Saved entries
-*-

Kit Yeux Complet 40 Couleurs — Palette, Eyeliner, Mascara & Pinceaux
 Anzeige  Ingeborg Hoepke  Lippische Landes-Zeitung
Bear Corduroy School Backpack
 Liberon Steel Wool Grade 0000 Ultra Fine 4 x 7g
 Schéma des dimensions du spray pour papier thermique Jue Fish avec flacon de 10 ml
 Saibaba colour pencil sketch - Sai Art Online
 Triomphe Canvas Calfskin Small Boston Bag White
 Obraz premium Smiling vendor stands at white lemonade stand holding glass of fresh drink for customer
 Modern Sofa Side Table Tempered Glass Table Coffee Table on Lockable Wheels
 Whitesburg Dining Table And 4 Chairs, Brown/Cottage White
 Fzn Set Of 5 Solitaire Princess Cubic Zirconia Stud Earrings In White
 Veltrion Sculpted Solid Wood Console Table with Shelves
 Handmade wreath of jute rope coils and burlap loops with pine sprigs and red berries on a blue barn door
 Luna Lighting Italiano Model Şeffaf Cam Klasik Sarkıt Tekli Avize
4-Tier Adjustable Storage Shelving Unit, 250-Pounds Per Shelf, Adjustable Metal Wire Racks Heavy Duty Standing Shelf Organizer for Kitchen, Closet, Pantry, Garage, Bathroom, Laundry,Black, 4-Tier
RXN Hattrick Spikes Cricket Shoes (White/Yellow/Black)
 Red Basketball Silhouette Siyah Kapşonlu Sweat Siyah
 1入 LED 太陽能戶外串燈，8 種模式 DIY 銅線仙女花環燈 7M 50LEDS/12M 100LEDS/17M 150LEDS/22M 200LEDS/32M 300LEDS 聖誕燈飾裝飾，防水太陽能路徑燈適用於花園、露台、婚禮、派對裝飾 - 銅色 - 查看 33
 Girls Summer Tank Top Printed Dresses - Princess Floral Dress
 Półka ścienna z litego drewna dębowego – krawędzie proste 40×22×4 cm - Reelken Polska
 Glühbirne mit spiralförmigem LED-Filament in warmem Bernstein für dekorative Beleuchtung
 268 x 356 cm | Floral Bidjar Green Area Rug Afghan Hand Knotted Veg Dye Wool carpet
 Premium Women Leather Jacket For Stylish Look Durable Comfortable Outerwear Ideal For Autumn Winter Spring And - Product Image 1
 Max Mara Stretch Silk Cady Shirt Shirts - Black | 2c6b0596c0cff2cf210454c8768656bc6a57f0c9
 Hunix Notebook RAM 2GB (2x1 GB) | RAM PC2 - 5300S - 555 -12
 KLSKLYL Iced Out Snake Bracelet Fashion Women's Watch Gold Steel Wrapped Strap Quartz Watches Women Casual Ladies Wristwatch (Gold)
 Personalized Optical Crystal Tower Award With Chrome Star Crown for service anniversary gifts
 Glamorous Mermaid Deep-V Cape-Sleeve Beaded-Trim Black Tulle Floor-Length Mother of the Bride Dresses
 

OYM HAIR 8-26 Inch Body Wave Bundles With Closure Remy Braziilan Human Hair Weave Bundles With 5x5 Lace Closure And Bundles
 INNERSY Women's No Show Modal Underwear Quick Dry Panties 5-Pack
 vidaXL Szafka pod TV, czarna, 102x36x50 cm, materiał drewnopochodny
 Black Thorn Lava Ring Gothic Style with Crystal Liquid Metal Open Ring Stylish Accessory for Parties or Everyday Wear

-*-

Begin at the first line of the entries above and copy every line exactly, ending with the line that contains "Triomphe Canvas Calfskin".

Kit Yeux Complet 40 Couleurs — Palette, Eyeliner, Mascara & Pinceaux
 Anzeige  Ingeborg Hoepke  Lippische Landes-Zeitung
Bear Corduroy School Backpack
 Liberon Steel Wool Grade 0000 Ultra Fine 4 x 7g
 Schéma des dimensions du spray pour papier thermique Jue Fish avec flacon de 10 ml
 Saibaba colour pencil sketch - Sai Art Online
 Triomphe Canvas Calfskin Small Boston Bag White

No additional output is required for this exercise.